Chord-Scale Explorer

Select a chord type to see which scales fit and when to use each one.

What is Chord-Scale Theory?
A practical framework for choosing scales over chords

Chord-scale theory maps each chord type to one or more scales that sound consonant over it. Rather than memorizing arbitrary note choices, you learn which scales "fit" each chord and choose based on the musical context.

The idea is simple: every chord implies a set of tensions and extensions. A scale that contains the chord tones plus complementary extensions will sound coherent when played over that chord. Different scale choices add different colors and levels of tension.

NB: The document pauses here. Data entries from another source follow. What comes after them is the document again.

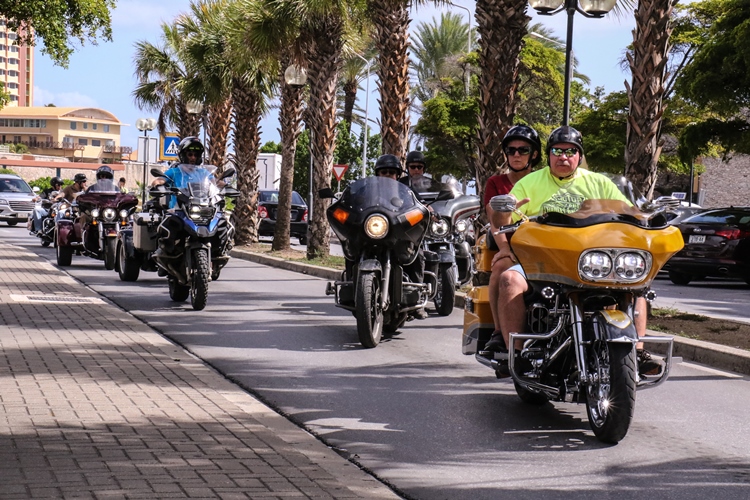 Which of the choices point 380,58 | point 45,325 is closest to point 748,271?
point 380,58

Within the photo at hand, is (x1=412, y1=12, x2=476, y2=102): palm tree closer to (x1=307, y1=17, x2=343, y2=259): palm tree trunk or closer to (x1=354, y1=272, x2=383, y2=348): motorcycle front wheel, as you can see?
(x1=307, y1=17, x2=343, y2=259): palm tree trunk

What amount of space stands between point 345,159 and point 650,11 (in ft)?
165

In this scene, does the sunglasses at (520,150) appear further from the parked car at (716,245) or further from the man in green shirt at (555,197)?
the parked car at (716,245)

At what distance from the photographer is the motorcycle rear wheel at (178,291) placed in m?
14.0

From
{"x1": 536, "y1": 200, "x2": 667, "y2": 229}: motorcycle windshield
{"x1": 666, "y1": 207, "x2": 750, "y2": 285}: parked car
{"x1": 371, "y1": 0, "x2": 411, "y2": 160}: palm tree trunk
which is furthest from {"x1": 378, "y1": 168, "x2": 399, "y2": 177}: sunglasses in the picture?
{"x1": 666, "y1": 207, "x2": 750, "y2": 285}: parked car

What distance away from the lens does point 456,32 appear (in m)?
64.2

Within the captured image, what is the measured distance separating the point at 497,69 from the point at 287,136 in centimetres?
1329

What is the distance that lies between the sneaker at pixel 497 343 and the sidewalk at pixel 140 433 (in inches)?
52.6

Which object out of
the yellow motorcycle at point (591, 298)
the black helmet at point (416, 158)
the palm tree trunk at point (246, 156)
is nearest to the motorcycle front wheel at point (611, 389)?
the yellow motorcycle at point (591, 298)

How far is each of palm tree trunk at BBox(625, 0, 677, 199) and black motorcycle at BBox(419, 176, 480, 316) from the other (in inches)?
76.9

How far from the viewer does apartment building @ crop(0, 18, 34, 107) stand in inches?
6806

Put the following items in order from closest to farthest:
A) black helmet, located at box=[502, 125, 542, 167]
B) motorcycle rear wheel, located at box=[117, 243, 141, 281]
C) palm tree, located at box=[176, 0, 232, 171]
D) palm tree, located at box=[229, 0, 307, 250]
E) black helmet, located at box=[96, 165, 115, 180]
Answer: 1. black helmet, located at box=[502, 125, 542, 167]
2. motorcycle rear wheel, located at box=[117, 243, 141, 281]
3. black helmet, located at box=[96, 165, 115, 180]
4. palm tree, located at box=[229, 0, 307, 250]
5. palm tree, located at box=[176, 0, 232, 171]

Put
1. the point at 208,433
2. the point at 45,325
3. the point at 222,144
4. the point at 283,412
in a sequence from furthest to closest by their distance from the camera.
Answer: the point at 222,144
the point at 45,325
the point at 283,412
the point at 208,433

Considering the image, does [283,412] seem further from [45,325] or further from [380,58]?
[380,58] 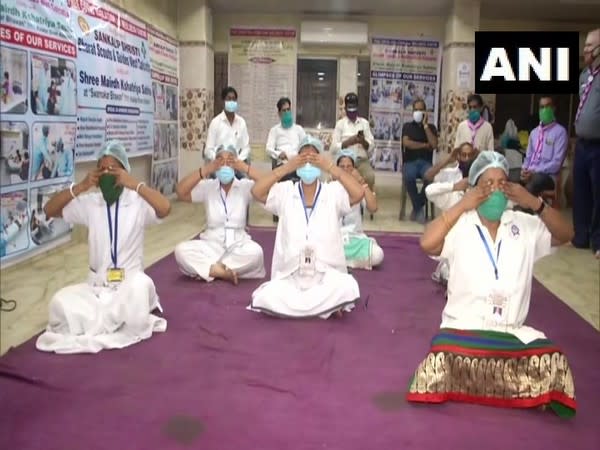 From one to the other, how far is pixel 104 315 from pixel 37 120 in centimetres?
188

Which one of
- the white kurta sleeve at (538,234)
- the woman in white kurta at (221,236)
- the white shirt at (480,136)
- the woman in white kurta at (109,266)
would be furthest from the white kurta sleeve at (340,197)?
the white shirt at (480,136)

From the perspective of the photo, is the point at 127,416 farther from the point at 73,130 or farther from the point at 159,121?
the point at 159,121

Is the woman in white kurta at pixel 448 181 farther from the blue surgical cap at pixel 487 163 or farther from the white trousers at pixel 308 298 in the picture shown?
the white trousers at pixel 308 298

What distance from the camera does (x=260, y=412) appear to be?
2299mm

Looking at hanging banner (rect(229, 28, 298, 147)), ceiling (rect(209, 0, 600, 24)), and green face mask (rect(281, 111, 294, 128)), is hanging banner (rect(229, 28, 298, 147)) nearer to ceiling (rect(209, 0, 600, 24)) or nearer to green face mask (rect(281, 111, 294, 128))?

For example, a dominant 7th chord (like G7) can take several scales depending on context. Mixolydian gives a basic, unaltered sound. The Altered scale provides maximum tension. Lydian Dominant offers brightness. The choice depends on what comes before and after the chord, the style of music, and the mood you want.

Select a chord type above to explore its scale options.

Explore further

Common questions

What scale fits over a Cmaj7 chord?
C Ionian is the default. C Lydian (Ionian with a raised 4th) works when the chord is functioning as the I in a Lydian context, common in modern jazz and film scoring. Both contain the chord tones C-E-G-B; Lydian adds an F♯ that gives it a brighter, more open sound.
What's a chord-scale relationship?
Every chord has a set of scales that share its chord tones and add color tones around them. Improvising over a chord means picking a scale whose notes work: Dorian fits m7, Mixolydian fits dom7, altered fits dom7alt, and so on. The Chord-Scale Explorer maps every common chord to its compatible scales so you don't have to memorize the lookup table.
How do I find substitute chords?
Two common substitutions: tritone subs (replace a dom7 with the dom7 a tritone away, G7 becomes D♭7), and relative-quality subs (swap a chord for one sharing 3 of its 4 tones, Cmaj7 with Am7). The explorer shows compatible substitutes for each chord type so you can rewrite progressions without losing harmonic direction.